Page 1 of 1

Critical-unknown-critical state change notifications flood

Posted: Tue Mar 31, 2020 6:14 am
by gnikolov
Hello,

I have an issue which, I guess, other people have encountered, but I can't seem to find a solution for. The situation is like this: NagiosXI 5.4.13. Traffic going through a lot of unstable tunnels. A lot of SNMP queries timing out(which is expected due to the tunnels' instability). When I have a device with a critical state(for instance service "httpd" is down) a notification for critical comes. After that the connection becomes lousy and I get Unknown notification, after that the connection becomes good again and I get Critical notification. I can deal with the Unknown notifications by simply configuring notification settings, but then I just receive critical notifications every time the quality of the tunnels is restored. I cannot use flapping control, because the time interval between tunnel degradation differs between 5 min and 4 hours.
So my question is - does anyone have a suggestion how to stop sending notifications, when jumping from Unknown to Critical(or Warning for that matter)?

Cheers.

Re: Critical-unknown-critical state change notifications flo

Posted: Tue Mar 31, 2020 12:46 pm
by scottwilkerson
I'll leave this open for others to chime in, but the only solution that makes sense to me is resolving the problem that causes the VPN to degrade

Re: Critical-unknown-critical state change notifications flo

Posted: Tue Mar 31, 2020 3:36 pm
by gnikolov
Unfortunately the tunnels are between continents and stability cannot be fixed. This is why I am looking to eliminate, or at least reduce the spam.
Is there a way to make Nagios think that Unknown status is actually OK status regarding notifications(I guess expecting one master "switch-case" where I can set OK and Unknown in the same case is naive, but perhaps by editing a couple of config files this can be done)?

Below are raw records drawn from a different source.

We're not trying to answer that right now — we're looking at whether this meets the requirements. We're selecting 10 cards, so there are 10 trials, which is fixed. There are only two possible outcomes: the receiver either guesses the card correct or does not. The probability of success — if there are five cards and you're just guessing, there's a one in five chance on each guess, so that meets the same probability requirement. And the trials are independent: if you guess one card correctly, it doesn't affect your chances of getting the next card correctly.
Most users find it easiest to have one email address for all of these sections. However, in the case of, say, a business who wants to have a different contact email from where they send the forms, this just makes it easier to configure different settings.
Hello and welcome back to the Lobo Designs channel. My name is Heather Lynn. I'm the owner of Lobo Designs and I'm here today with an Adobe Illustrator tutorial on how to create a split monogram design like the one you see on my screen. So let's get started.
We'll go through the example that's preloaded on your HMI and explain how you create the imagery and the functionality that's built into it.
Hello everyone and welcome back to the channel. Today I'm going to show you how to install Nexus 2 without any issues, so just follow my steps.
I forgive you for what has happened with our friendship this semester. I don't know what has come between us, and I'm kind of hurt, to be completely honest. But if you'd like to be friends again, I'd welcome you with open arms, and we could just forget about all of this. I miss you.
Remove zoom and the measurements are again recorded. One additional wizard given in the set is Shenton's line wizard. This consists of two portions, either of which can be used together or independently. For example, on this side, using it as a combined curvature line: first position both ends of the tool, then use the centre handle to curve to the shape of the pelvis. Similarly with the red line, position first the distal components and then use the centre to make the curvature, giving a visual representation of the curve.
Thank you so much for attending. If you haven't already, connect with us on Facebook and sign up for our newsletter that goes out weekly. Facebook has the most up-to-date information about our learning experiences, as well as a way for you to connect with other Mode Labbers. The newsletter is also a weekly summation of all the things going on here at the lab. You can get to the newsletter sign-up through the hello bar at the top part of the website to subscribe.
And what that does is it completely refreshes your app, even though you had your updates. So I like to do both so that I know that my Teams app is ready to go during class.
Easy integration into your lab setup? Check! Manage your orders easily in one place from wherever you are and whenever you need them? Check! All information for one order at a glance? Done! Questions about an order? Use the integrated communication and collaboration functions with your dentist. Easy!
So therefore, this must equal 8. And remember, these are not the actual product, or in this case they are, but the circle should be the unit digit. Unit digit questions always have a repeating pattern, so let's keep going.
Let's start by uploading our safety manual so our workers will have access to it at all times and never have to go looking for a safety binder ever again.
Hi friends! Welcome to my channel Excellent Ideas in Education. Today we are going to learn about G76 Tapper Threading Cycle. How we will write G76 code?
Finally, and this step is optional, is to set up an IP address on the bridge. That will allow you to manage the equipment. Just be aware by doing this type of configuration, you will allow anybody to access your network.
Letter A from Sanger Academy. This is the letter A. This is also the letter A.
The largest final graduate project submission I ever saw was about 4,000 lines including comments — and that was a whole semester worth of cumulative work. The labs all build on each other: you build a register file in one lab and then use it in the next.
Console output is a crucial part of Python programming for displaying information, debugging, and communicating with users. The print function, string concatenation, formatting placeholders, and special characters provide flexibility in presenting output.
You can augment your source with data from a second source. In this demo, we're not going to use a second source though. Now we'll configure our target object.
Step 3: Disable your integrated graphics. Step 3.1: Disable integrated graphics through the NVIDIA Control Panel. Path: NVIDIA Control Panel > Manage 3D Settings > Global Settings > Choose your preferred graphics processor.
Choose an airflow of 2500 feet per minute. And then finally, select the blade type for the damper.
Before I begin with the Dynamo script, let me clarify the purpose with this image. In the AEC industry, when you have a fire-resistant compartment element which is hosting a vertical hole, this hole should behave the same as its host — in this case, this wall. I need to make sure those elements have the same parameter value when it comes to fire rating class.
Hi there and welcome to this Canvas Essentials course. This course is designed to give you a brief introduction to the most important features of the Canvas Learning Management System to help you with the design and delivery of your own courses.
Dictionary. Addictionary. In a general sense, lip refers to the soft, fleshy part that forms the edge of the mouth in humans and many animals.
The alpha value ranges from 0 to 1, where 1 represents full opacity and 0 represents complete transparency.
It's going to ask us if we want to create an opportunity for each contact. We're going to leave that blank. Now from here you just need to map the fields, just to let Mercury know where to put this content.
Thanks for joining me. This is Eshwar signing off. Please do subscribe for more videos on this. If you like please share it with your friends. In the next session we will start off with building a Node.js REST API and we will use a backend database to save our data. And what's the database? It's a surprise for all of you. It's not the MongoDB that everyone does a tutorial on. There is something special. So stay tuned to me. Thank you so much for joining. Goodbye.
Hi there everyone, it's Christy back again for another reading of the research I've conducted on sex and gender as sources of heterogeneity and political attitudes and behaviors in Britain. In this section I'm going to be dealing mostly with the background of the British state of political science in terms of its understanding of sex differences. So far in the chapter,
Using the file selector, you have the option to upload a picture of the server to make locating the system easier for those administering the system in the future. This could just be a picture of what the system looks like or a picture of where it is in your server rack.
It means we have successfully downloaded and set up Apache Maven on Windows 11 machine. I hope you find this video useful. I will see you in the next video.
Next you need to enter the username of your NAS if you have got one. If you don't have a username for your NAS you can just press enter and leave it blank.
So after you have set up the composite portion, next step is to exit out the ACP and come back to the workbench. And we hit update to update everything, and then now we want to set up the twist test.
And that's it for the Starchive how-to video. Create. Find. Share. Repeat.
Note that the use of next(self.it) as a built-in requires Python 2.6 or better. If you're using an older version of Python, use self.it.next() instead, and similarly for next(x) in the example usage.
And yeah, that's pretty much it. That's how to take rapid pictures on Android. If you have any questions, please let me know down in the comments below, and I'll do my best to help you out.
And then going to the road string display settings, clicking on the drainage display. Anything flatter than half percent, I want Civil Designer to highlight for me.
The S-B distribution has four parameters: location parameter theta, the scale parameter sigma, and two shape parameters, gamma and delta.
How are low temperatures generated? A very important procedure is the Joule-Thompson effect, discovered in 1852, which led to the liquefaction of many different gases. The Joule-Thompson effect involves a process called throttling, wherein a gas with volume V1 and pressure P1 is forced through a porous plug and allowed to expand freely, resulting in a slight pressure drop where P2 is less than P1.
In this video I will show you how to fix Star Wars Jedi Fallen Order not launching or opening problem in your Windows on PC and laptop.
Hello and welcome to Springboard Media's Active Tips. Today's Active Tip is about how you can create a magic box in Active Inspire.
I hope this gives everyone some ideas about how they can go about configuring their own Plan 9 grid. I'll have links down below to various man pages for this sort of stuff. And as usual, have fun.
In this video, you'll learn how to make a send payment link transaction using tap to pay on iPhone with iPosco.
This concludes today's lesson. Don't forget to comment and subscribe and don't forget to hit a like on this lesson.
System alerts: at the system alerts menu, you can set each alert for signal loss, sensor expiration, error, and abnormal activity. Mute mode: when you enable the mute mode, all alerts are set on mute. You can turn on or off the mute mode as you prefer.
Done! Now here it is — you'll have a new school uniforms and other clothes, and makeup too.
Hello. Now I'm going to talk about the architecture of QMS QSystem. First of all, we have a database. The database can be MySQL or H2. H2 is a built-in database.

Re: Critical-unknown-critical state change notifications flo

Posted: Tue Mar 31, 2020 4:01 pm
by scottwilkerson
In the nagios.cfg there is this configuration

Code: Select all

service_check_timeout_state=u
If you set it to

Code: Select all

service_check_timeout_state=o
and restart nagios

It will mark ALL checks that timeout as OK

This is the only thing I can think of but it will affect ALL checks

Re: Critical-unknown-critical state change notifications flo

Posted: Wed Apr 08, 2020 5:24 am
by gnikolov
Thanks, not what I was really looking for, but I will see if I can make it work somehow.

Re: Critical-unknown-critical state change notifications flo

Posted: Wed Apr 08, 2020 7:51 am
by scottwilkerson
gnikolov wrote:Thanks, not what I was really looking for, but I will see if I can make it work somehow.
Sounds good!